Edel Coffey: Despite being Irish, I’m trying to convert myself to celebrating the good times
Author Edel Coffey pictured at home in Galway. Photo: Ray Ryan
We Irish aren’t very good at celebrating ourselves. There’s an inherent sense built into us from birth of waiting for the other shoe to drop.
If good things are happening, bad things must surely be just around the corner? No good fortune goes unpunished, to mangle a phrase. Maybe it’s 800 years of oppression, or maybe it’s just me.
There are lots of good reasons for celebrating our achievements. When we work hard at something and achieve a goal, it’s good to take a moment to reward ourselves.

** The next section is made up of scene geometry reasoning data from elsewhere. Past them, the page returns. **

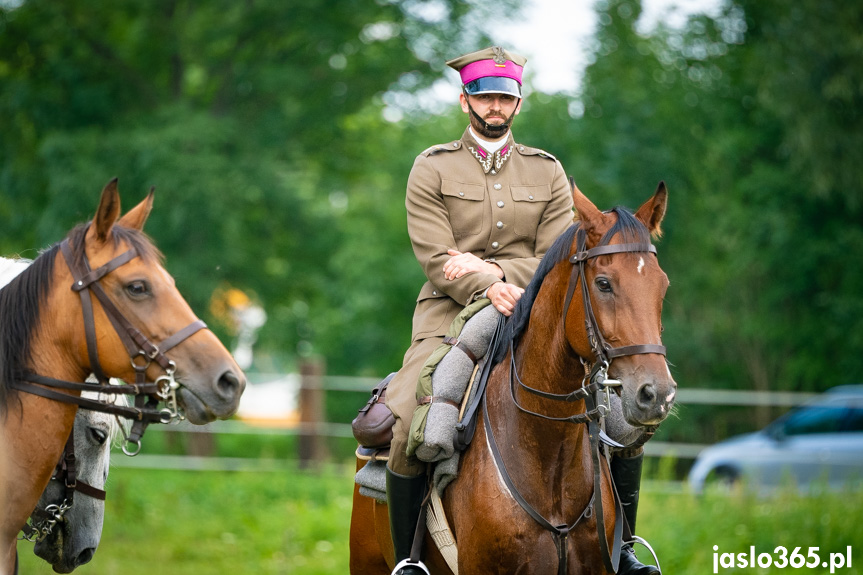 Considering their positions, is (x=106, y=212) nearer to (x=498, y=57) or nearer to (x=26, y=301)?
(x=26, y=301)

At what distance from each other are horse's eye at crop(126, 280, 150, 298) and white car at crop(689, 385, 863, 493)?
10.5 meters

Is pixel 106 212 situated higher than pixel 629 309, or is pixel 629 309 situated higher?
pixel 106 212

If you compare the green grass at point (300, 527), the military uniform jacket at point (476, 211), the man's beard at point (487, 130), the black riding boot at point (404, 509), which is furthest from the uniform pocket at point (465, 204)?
Answer: the green grass at point (300, 527)

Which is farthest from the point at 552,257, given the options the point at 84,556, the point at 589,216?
the point at 84,556

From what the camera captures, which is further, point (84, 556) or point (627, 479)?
point (84, 556)

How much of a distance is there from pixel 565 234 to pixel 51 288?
2134 mm

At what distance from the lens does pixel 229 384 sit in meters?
3.66

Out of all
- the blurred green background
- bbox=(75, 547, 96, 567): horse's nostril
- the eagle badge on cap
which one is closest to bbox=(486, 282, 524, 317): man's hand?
the eagle badge on cap

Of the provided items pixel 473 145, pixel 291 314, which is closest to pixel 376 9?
pixel 291 314

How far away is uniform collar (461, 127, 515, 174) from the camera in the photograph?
4.70 m

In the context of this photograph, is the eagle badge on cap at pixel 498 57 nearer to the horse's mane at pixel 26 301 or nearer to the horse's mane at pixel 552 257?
the horse's mane at pixel 552 257

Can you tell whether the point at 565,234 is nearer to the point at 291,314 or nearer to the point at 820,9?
the point at 820,9

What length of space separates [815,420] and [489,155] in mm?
10919

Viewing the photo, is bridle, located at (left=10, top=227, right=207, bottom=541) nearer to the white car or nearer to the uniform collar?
the uniform collar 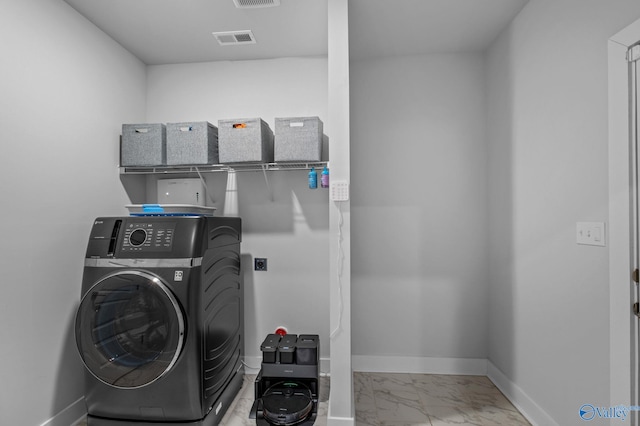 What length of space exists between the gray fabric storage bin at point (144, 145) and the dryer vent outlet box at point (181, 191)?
315 mm

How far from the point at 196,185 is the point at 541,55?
2.47 m

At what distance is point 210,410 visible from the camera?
171cm

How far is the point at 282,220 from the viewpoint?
2.48m

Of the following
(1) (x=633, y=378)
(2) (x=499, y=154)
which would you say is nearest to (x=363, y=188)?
(2) (x=499, y=154)

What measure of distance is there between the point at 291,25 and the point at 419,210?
5.41ft

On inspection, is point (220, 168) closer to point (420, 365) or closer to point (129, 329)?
point (129, 329)

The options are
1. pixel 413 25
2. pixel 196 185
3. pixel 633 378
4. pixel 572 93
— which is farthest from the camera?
pixel 196 185

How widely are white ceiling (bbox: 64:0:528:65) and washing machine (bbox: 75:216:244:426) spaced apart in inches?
52.6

I’d actually even push that one step further and encourage people to celebrate for the smallest of reasons. I think we can tend towards anhedonia in our lives, that puritanical streak that tells us no, we should keep a ‘good room’ for special days or special guests, or that we should save that bottle of champagne for an actual worthy occasion that might never come, or that we don’t deserve a square of chocolate on a Tuesday because it’s not a weekend day. Madness!
Life is full of ups and downs and we don’t know when they might come. The older I get, in accordance with the laws of nature, the more I realise that life’s joys are balanced with a fair share of hardship, grief, and loss. Why would we not take a moment to savour the good moments?